Sometimes, if a sales rep was being particularly obtuse, Frank went through all the reasons vinyl was better than CD or cassette tape.
It wasn’t just 1) the ARTWORK and SLEEVE NOTES on the album sleeve. It wasn’t 2) the possibility of a HIDDEN TRACK, or a little MESSAGE carved in the final groove. It wasn’t 3) the mahogany richness of the QUALITY of SOUND. (But CD sound was clean, the reps argued. It had no surface noise. To which Frank replied, ‘Clean? What’s music got to do with clean? Where is the humanity in clean? Life has surface noise! Do you want to listen to furniture polish?’)

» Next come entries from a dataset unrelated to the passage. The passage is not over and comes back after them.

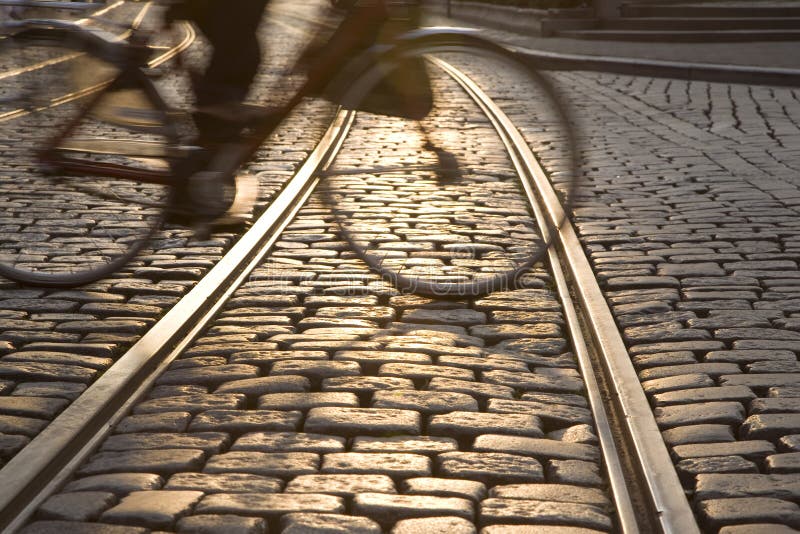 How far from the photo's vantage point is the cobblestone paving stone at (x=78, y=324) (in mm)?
4199

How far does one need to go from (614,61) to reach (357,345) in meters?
14.1

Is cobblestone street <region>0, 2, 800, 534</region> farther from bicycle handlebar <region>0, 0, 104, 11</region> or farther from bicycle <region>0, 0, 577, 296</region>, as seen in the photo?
bicycle handlebar <region>0, 0, 104, 11</region>

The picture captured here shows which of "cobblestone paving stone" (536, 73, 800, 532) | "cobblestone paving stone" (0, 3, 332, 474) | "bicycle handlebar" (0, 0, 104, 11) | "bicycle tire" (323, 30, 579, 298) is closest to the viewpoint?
"cobblestone paving stone" (536, 73, 800, 532)

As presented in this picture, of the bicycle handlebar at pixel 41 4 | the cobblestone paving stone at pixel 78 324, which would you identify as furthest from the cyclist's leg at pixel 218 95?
the bicycle handlebar at pixel 41 4

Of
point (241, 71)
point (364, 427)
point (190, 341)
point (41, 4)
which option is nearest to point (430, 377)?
point (364, 427)

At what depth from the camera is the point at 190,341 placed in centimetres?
494

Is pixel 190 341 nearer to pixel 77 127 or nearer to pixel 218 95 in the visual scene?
pixel 77 127

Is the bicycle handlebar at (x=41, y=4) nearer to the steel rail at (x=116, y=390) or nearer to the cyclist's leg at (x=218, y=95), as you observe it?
the cyclist's leg at (x=218, y=95)

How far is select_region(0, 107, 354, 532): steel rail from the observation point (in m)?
3.46

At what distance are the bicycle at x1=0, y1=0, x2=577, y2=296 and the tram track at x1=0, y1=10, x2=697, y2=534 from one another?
303 mm

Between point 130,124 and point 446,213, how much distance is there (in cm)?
263

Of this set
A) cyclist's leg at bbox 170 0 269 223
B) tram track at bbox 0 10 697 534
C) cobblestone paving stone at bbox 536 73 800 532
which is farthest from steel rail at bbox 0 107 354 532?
cobblestone paving stone at bbox 536 73 800 532

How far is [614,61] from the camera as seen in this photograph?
18.3 meters

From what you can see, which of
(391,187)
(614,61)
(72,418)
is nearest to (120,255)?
(72,418) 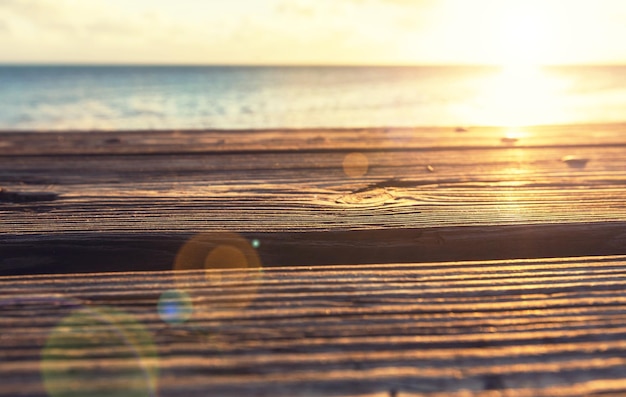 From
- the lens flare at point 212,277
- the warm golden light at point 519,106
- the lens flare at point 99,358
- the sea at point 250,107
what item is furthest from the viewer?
the sea at point 250,107

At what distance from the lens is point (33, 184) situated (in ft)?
4.80

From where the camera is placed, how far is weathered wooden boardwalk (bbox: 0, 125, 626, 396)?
25.0 inches

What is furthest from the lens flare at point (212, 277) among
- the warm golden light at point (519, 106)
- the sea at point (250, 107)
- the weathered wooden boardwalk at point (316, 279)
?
the sea at point (250, 107)

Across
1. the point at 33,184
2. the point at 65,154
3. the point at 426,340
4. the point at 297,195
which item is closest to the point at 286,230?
the point at 297,195

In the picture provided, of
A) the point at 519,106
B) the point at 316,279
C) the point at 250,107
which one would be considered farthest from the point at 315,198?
the point at 250,107

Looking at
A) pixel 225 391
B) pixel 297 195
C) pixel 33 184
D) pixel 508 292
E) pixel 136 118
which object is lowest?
pixel 225 391

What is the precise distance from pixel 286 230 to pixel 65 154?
1.19 m

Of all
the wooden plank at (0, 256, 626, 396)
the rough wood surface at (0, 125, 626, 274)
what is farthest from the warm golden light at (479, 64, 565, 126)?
the wooden plank at (0, 256, 626, 396)

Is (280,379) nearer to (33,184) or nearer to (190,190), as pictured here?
(190,190)

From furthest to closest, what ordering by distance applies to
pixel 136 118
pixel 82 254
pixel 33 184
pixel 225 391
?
pixel 136 118, pixel 33 184, pixel 82 254, pixel 225 391

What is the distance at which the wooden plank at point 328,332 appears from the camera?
620 millimetres

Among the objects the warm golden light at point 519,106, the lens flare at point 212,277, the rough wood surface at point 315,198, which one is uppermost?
the warm golden light at point 519,106

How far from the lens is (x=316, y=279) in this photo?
33.1 inches

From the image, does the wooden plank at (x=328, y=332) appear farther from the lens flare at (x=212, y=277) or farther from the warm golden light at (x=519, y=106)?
the warm golden light at (x=519, y=106) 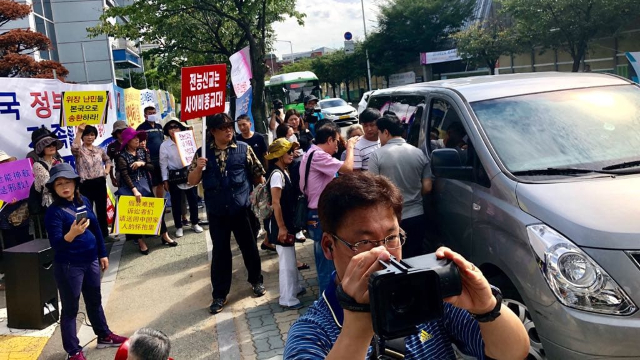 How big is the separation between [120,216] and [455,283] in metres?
6.16

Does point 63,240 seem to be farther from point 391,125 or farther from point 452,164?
point 452,164

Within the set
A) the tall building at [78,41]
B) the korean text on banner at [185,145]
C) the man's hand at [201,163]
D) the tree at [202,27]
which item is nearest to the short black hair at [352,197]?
the man's hand at [201,163]

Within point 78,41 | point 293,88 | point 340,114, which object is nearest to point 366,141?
point 340,114

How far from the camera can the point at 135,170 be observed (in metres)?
7.27

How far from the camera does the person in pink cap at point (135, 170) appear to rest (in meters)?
7.12

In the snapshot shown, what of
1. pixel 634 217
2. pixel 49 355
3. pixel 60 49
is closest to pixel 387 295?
pixel 634 217

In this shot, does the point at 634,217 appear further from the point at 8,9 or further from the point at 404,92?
the point at 8,9

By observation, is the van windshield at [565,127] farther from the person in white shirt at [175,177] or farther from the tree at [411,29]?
the tree at [411,29]

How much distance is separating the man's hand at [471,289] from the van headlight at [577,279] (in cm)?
141

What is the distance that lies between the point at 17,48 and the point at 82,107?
13539 mm

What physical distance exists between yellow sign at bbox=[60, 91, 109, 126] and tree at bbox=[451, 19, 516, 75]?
80.4 feet

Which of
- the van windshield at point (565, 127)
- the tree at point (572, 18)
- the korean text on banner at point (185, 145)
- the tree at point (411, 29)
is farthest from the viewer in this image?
the tree at point (411, 29)

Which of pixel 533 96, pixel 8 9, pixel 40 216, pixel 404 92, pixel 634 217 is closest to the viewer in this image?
pixel 634 217

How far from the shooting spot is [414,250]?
430 centimetres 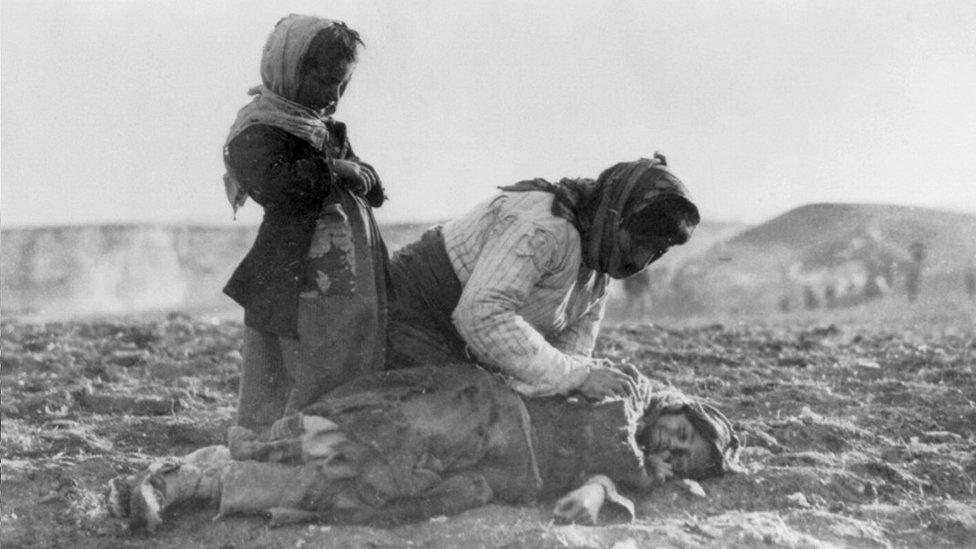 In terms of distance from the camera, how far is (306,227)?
148 inches

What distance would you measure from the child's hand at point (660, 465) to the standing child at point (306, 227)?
1.05 m

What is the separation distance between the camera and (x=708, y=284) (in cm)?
1819

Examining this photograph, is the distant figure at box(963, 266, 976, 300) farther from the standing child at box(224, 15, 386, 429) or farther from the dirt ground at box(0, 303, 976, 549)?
the standing child at box(224, 15, 386, 429)

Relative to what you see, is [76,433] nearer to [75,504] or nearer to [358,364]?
[75,504]

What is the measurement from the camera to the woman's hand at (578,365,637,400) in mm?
3852

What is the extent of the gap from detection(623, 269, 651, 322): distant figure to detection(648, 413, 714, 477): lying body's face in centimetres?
1328

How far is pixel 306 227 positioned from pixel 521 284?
0.76 metres

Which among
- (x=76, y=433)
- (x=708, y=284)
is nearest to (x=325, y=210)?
(x=76, y=433)

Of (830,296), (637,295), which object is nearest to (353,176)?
(830,296)

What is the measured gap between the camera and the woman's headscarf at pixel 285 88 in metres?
3.81

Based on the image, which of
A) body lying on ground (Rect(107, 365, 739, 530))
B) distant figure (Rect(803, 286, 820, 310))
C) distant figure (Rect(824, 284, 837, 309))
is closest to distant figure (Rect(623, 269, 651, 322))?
distant figure (Rect(803, 286, 820, 310))

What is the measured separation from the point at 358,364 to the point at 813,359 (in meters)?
4.54

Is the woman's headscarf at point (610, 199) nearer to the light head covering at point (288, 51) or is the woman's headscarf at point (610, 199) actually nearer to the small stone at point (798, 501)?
the light head covering at point (288, 51)

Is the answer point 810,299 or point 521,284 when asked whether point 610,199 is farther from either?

It wasn’t even 4) the RITUAL of checking the record before carefully lowering the stylus. No, most of all it was about the JOURNEY. 5) The journey that an album made from one track to another, with a hiatus in the middle, when you had to get up and flip the record over in order to finish. With vinyl, you couldn’t just sit there like a lemon. You had to GET UP OFF YOUR ARSE and TAKE PART.
‘You see?’ he would say. By this point he might be shouting. He could also be lumbering up and down the shop, in a glistening sweat. ‘You see now why you will never get me to sell CDs? We are human beings. We need lovely things we can see and hold. Yes, vinyl can be a pain. It’s not convenient. It gets scratched. But that’s the point. We are acknowledging the importance of music and beauty in our lives. You don’t get that if you’re not prepared to make AN EFFORT.’
And the reps would laugh and say yeah, yeah, they got it, Frank. But they had their jobs to do. They had their sales targets to meet. Phil the EMI rep, who had been coming since the early days of punk, warned that record companies would soon be fading out vinyl altogether. Production costs were too high. ‘End of story, mate.’ If you wanted to run a music shop in 1988, you had to stock CDs.
To which Frank would reply, ‘Get out of here.’ And possibly throw something. ‘I’m never going to change.’ (p 53~54)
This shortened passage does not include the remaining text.